12. Reservation of title – prohibition on disposal: the sale takes place with the reservation of title for the Vendor until the full and prompt performance of all the contractual obligations of the Buyer, who shall not transfer the Goods sold to any third party nor allow third parties to use the Goods up to that moment, and accept the risks of the Goods from the time of delivery. If, notwithstanding the above prohibition, the sold goods are transferred to a third party, a surcharge of 20% of the price owed by the Buyer will be imposed, by way of penalty. The Parties expressly agree that the Goods and materials may not be considered to be incorporated into an immovable asset or annexes to an immovable asset before full payment, and therefore they may be claimed and/or removed by the Vendor at any time, wherever they may be located, also in derogation of articles 935 and 937 Italian civil code. In the case of termination of the Contract due to breach by the Buyer, any sums already paid by the Buyer will be retained by the Vendor by way of indemnity without prejudice to compensation for further losses.
13. Terms, conditions and procedure for complaints: any complaint relating to incomplete or non-intact Goods must, under penalty of forfeiture, be sent to the Vendor at the time of unloading of the Goods (obvious defects) and must be indicated on the delivery note. Any shortfalls in quantity relating to the Accessories shall not constitute a breach of contract by the Vendor pursuant to article 1460 Italian civil code. Any claims relating to defects that cannot be identified through diligent checking at the time of unloading (hidden defects) must be reported to the Vendor, on penalty of forfeiture, within 8 days after discovery. Under penalty of forfeiture, the complaint about defects must be made in writing and sent by registered post, only to the head office of the Vendor, or through another procedure authorised by the Vendor.
14. Intellectual property: the Buyer recognises that the products, patents, technical drawings, models, know-how, customisations and certifications relating to the Products and/or Accessories and/or Parts, trademarks, trade names or other distinctive signs affixed to the Goods are the exclusive property of the Vendor and may not be altered, modified, removed or erased in any way.
15. Processing of personal data: the Buyer confirms receipt of full data protection information as required by article 13 GDPR and gives consent to the data processing and to its disclosure within the limits of, for the purposes of and for the duration specified in the privacy policy, and in any case for the proper execution of the Parties’ contractual obligations.
16. Exclusive forum, governing laws: the law of Italy shall apply in respect of any dispute between the Parties in relation to the Contract.
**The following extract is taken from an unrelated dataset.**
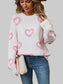 Women Angel Wings Heart Round Neck Dropped Shoulder Long Sleeve Sweater nicholesgifts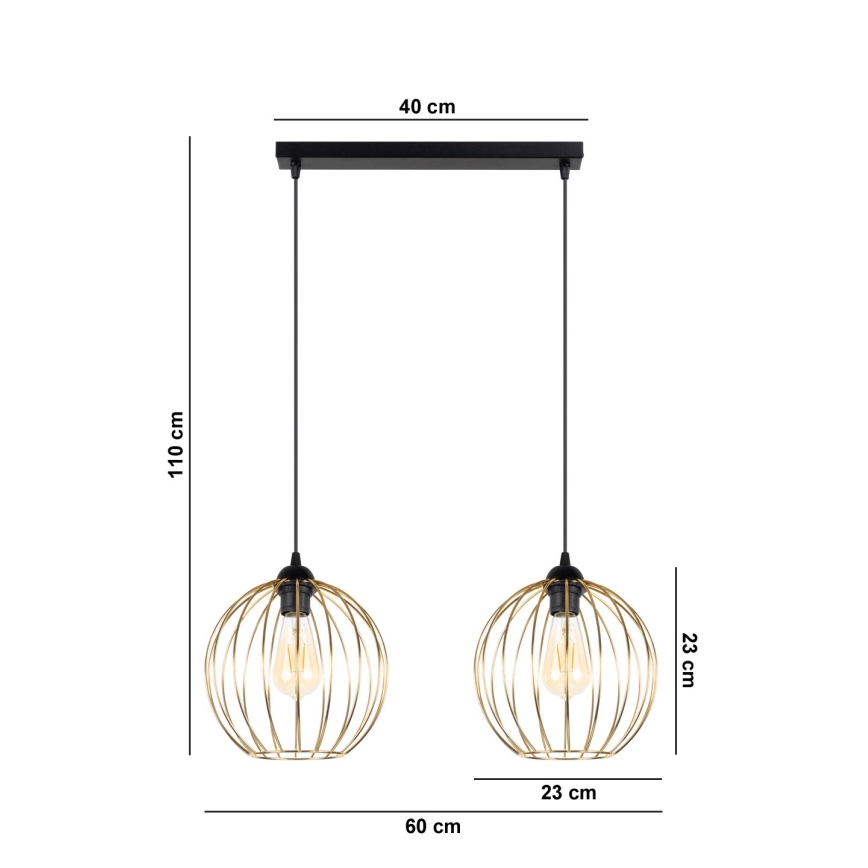 Lustr na lanku MATT 2xE27/60W/230V černá/zlatá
The court of Vicenza (Italy) shall have sole jurisdiction and the Parties hereby waive their recourse to any other court. The Vendor may take action in the courts within the jurisdiction of the Buyer’s domicile.
17. International law: these terms and conditions are subject to the laws of the Republic of Italy, with the exclusion of the provisions on conflict of laws. The application of the Vienna Convention on the International Sale of goods is excluded.
The Buyer accepts these Terms and Conditions and specifically approves the following clauses: (1) scope of application; (3) Offers, orders, formation of Contract and suspensory condition; (4) terms and conditions of payment; (5) forfeiture of deferred payment terms; (6) express termination clause; (7) delivery time and place; (8) responsibility for delays; (9) warranty for defects; (10) limitations on use and exclusion of liability; (11) limitations on liability; (12) Reservation of title - prohibition on disposal; (13) terms, conditions and procedure for complaints; (16) exclusive forum, governing law; (17) international law.